Rotation matrices can be decomposed into a product of $\frac{n(n-1)}{2}$ elementary rotations operating on only two coordinates.
Similarly, can any square matrix be decomposed into a product of $\frac{n(n-1)}{2}$ linear transforms operating on two coordinates only each?
Note: $ n(n-1) $ can be done by reversing Gaussian elimination.
I don’t know how to “prove” the negative, but this answer is intended to provide some additional insight.
Presumably, the comment about a general rotation matrix being decomposable into a product of $n(n-1)/2$ elementary rotations arises from the type of sequential Givens rotation argument provided on the Wikipedia page for rotation matrices (see Decompositions). What is less well known is that there is a specific (close to unique) butterfly (or lattice) pattern of $n(n-1)/2$ basic Givens rotations associated with any arbitrary orthogonal or unitary matrix – see this link. This butterfly pattern is precisely the generalization of the FFT (properly scaled, the discrete Fourier transform is a unitary matrix). Unfortunately, the generalization is not inherently “fast”, but it does expose the symmetries which permit the FFT to be fast, and it suggests (currently unexploited) ways one might design other fast transforms. The development is specific to n being an even power of $2$ , but as there are FFT algorithms for radix choices other than $2$ , it is reasonable to assume that the general form similarly extends.

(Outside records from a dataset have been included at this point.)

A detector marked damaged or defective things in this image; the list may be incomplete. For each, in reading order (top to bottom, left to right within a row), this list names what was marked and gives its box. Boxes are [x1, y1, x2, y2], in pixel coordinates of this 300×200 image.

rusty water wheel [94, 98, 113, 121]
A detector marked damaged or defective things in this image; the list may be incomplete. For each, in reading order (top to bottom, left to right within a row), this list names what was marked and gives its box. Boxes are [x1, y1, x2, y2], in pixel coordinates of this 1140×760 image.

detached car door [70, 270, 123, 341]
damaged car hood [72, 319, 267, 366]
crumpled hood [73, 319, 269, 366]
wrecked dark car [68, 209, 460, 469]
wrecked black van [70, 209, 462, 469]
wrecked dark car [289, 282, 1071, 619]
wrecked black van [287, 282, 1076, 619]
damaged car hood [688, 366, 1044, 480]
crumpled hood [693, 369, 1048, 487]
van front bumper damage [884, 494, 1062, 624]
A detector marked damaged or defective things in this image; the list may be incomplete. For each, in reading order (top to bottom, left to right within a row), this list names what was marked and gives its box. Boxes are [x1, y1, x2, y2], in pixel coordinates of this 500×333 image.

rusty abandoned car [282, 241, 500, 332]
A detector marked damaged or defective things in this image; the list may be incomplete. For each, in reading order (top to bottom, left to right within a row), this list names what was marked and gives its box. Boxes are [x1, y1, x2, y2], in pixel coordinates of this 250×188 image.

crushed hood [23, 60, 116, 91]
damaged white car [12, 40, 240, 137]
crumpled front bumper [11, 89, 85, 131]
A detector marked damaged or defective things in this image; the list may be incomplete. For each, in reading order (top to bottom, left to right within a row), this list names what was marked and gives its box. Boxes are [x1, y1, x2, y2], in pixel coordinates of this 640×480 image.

Now any square matrix necessarily possesses an SVD which, when expressed in the form of a flow graph, consists of two of these $n(n-1)/2$ lattices (the left and right singular vector matrices) connected by a set of simple scalar scaling operations (the singular value matrix). Accounted this way, there are precisely
$$2 \cdot \frac{n(n-1)}2 = n(n-1)$$
$2 \times{ 2} $ linear transforms (all rotations) plus $n$ scalar operations. It is obvious how one can do slightly better than this, by combining the inner layers of the two lattices with the scalar scaling operations to yield n/2 linear transforms of size 2 x 2 in the middle, so that one is left with a total of
$$2 \cdot \left( \frac{n(n-1)}2 - \frac{n}2 \right) + \frac{n}2 = n(n-1.5)$$
linear transforms, at least when $n$ is even. My intuition is that you probably can’t do better than that, although it is unclear how one might prove such a statement.